TASK DIRECTIONS
Work through the data below and copy out every line where "Cowboy" is found.

EXTRACTED INFORMATION

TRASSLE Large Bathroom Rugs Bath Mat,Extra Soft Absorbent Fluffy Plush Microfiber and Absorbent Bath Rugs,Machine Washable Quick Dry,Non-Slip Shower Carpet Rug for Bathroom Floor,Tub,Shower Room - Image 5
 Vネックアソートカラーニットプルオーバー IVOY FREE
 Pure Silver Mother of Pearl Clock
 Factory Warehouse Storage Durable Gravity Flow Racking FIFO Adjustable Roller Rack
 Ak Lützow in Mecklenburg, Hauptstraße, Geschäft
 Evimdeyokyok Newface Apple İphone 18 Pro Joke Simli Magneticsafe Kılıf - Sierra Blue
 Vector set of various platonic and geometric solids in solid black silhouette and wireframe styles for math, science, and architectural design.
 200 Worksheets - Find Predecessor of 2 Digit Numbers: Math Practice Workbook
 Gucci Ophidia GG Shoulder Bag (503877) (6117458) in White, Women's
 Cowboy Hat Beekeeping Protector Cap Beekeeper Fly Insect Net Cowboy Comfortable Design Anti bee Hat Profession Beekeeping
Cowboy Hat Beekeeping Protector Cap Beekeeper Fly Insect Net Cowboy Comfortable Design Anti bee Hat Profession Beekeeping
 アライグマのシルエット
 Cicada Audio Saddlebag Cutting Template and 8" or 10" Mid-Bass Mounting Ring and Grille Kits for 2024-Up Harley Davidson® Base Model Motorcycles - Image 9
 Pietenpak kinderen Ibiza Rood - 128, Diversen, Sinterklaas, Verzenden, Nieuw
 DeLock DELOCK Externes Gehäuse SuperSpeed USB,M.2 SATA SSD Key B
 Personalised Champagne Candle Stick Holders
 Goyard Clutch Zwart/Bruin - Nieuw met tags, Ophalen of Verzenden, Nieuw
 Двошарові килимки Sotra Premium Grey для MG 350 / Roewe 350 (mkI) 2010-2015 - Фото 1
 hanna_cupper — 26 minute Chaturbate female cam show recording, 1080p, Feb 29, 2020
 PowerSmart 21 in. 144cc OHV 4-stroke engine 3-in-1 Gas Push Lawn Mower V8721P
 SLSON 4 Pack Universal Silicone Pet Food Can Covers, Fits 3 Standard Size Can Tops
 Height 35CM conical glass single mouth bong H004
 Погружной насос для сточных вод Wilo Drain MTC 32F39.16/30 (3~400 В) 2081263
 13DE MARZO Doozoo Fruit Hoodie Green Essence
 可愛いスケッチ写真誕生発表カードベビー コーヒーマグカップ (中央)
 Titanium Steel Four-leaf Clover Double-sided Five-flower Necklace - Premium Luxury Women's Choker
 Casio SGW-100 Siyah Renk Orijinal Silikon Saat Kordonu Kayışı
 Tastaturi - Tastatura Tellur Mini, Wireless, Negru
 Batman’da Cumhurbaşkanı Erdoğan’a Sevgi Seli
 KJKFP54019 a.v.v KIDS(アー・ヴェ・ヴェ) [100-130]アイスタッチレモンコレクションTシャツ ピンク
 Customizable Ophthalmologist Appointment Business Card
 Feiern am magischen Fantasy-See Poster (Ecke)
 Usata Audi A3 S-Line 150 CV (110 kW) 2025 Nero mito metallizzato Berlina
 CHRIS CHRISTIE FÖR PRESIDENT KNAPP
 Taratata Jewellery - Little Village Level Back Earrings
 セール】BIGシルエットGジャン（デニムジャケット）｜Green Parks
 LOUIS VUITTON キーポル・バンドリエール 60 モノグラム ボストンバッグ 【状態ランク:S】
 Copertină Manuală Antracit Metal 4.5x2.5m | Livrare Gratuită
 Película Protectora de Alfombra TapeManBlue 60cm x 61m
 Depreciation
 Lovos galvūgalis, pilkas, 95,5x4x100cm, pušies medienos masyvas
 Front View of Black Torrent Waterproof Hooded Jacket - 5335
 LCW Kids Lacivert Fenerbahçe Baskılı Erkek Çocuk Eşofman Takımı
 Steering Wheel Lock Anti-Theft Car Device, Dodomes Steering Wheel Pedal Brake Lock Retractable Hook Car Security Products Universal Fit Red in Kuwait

ANSWER TO THE EXERCISE
 Cowboy Hat Beekeeping Protector Cap Beekeeper Fly Insect Net Cowboy Comfortable Design Anti bee Hat Profession Beekeeping
Cowboy Hat Beekeeping Protector Cap Beekeeper Fly Insect Net Cowboy Comfortable Design Anti bee Hat Profession Beekeeping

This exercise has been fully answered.